Last week, we looked at what actions Kronos can perform in the final installment of a 2-part post. We also dived into Locky, again, a ransomware that just made a comeback, and found that its latest variant (as of this writing) has anti-sandboxing capabilities. This means that once Locky has determined that it's residing in a virtual machine, it will not perform to its full functionality.
Our researchers also talked about a new 419 spam, malware vaccination tricks, malvertising, and insider threats.
Lastly, Senior Security Researcher Jérôme Segura uncovered a new RIG exploit kit campaign that drops the PrincessLocker ransomware via drive-by download.

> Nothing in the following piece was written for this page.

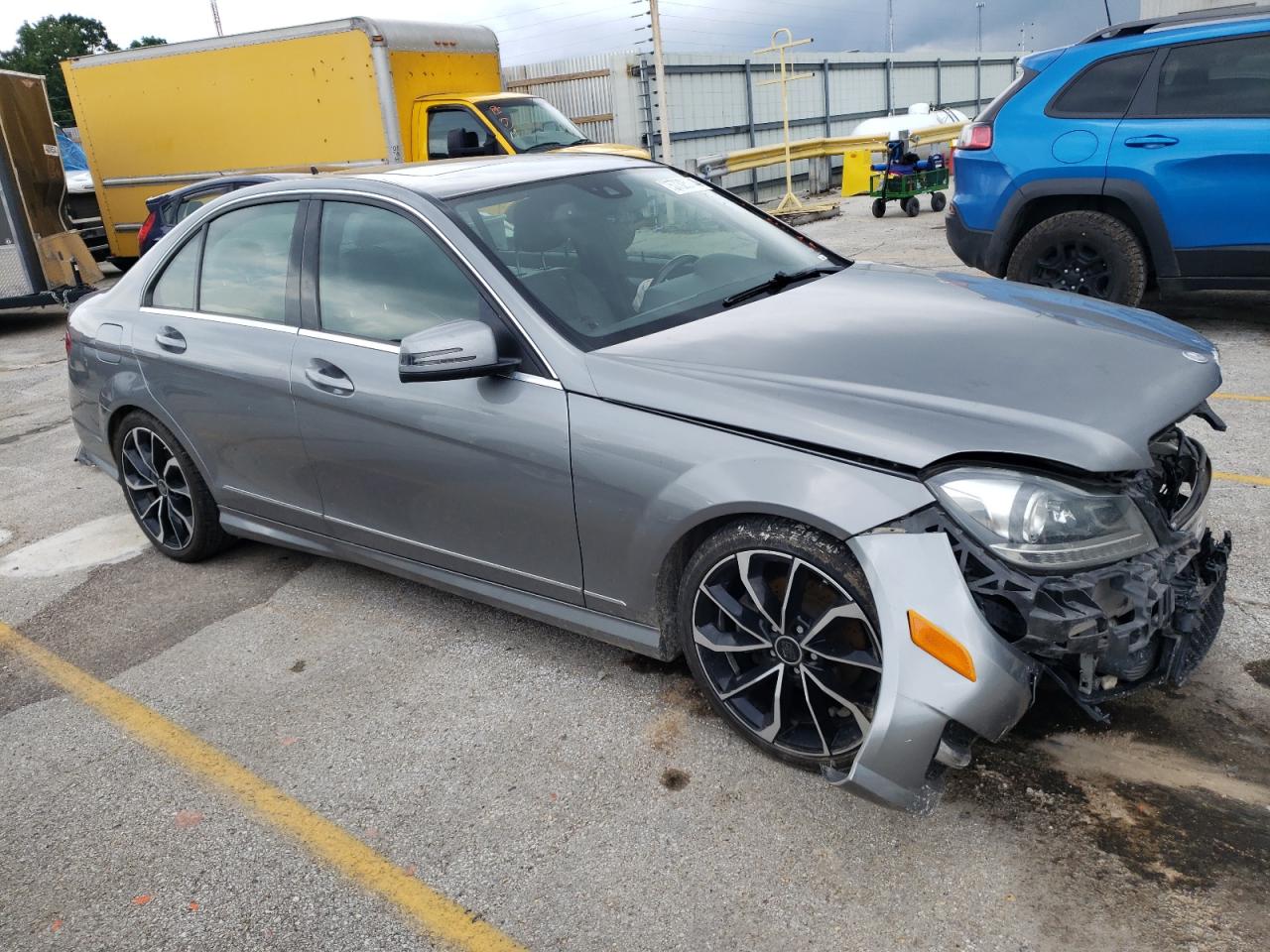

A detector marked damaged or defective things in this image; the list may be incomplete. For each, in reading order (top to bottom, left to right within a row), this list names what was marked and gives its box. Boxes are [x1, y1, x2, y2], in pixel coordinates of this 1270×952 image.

broken bumper cover [832, 533, 1041, 817]
crumpled front bumper [832, 533, 1041, 817]
damaged front end [832, 428, 1229, 817]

Below are notable news stories and security-related happenings from last week:
Latest updates for Consumers
- Scammers Already Taking Advantage Of Hurricane Harvey, Registering Domains. "The Better Business Bureau said it has already seen sketchy crowdfunding efforts and expects the coming months to see the usual flood of 'storm chasers' — ranging from legitimate contractors looking for business to scammers attempting to take advantage of those who’ve already been victimized by the storm. In addition, US-CERT is warning users “to remain vigilant for malicious cyber activity seeking to capitalize on interest in Hurricane Harvey." (Source: Cyber in Sight)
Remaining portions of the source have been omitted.